Tuesday, April 21, 2009

Wuterich NMCCA Appeal

Here is the latest Government brief in the US v. Wuterich Saga. This is the G's Art. 62 appeal of the military judge's second ruling, covered here and available . . ., where the judge found a qualified news gatherer privilege and found the evidence otherwise nice to have, but cumulative.

Credit has to go to the government for the brief. After spending a lot of time saying there should be no qualified news gatherer privilege in the miltiary, the brief in 5 and a half concise, Courier New 12 font pages, does a good job arguing that the military judge was wrong on the cumulativeness ruling.

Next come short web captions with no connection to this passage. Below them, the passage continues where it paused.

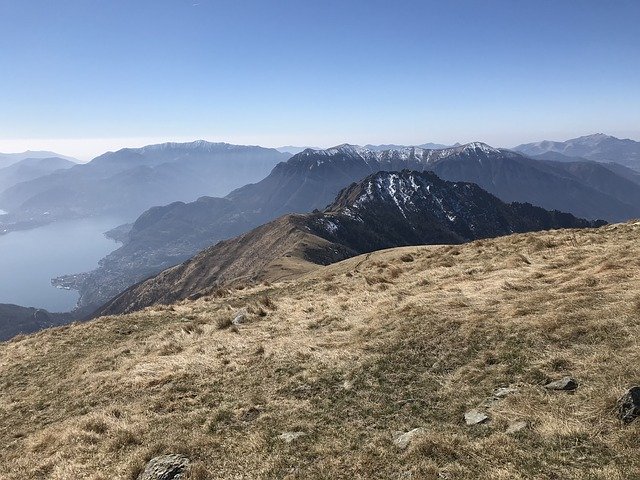 Free download Lake Como From Monte Bregagno -  free photo or picture to be edited with GIMP online image editor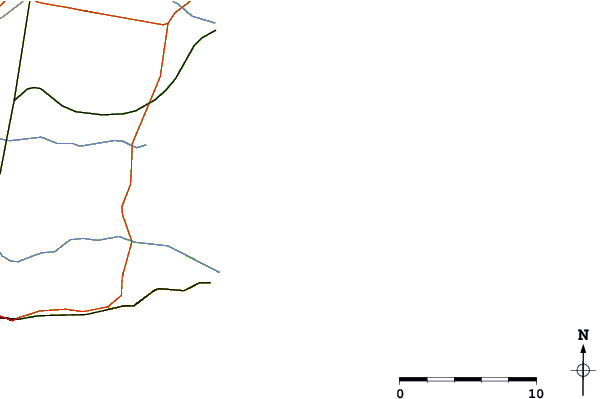 Roads and rivers around Playa de Entremares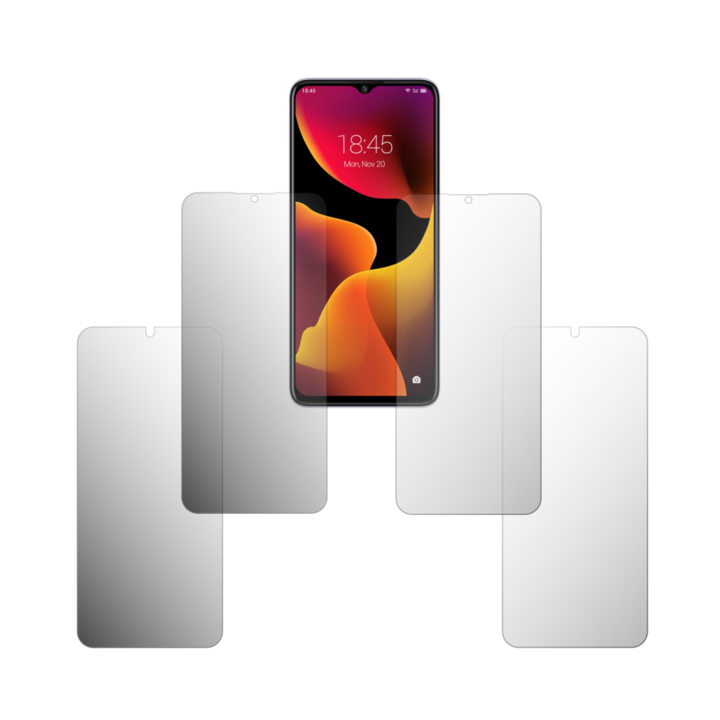 Set 4X Folie Protectie Ecran Folie24, pentru iHunt S23 Plus, 2X Ultra-Clear + 2X Mate, Acoperire Full-Display si Case-Friendly, Adezive, Flexibile cu Auto Regenerare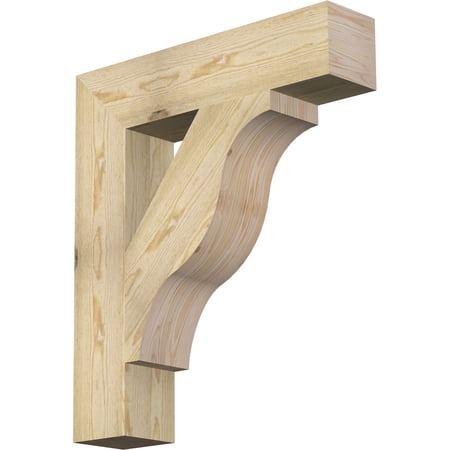 Ekena Millwork 6"W x 28"D x 32"H Funston Block Rough Sawn Bracket, Douglas Fir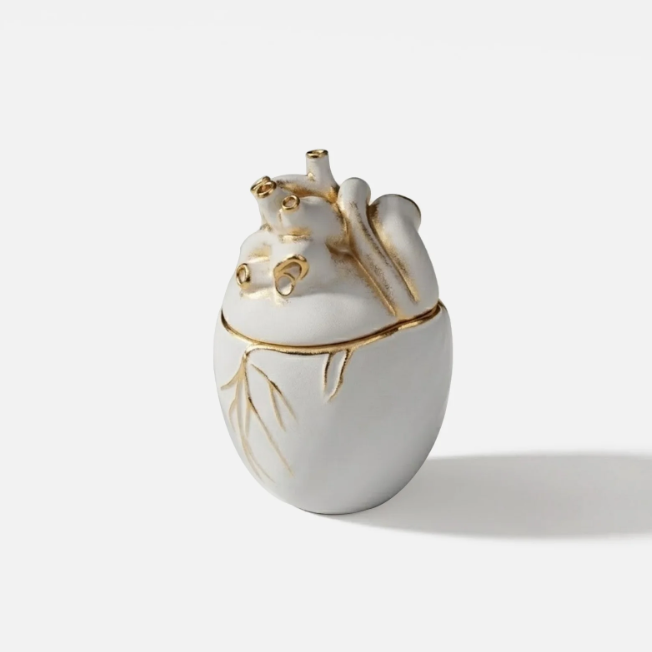 Sculpted Heart Candle Jar Mold - Image 2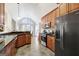 Well-equipped kitchen with stainless steel appliances and granite countertops at 140 Rockglen Ct, Fayetteville, GA 30215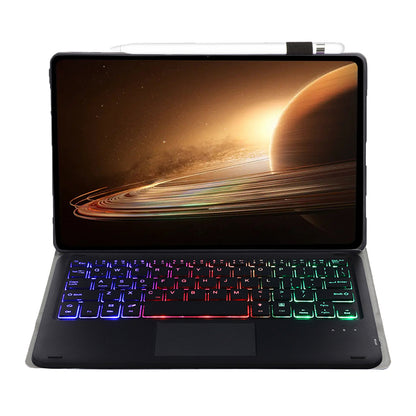 OP13-AS For Oppo Pad 2 Tablet Case with Detachable Touchpad Backlit Keyboard Folio Tablet Cover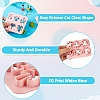 2Pcs ABS Plastic Clay Molds DIY-TA0004-57-4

The brief rebuts Judge Meeks' conclusion that the outtakes were "not critical," "consistent with other evidence," and just "nice to have," by effectively arguing that they are important to the government and the best evidence of the accused's guilt. I particularly liked the comparison between the accused's 2-page sworn statement and 80 minutes of admission on pages 44-45.

More to follow. Hard to say if this will be another win for the G at NMCCA and loss at CAAF.


Anonymous said...

Government went 2 for 2. CAAF ordered the military judge to review the raw footage in camera. Just like NMCCA. That's what the first appeal was about. Soooo, the MJ directed CBS to turn over the tapes and it did. How is this a Gov't "loss"? Only on CAAFlog...

Socrates said...

Pro-Government Anon at 18:00, I have only one thing to say to you:

(See No. 09-0133/MC. U.S. v. Raheem G. GREEN. CCA 200800005.)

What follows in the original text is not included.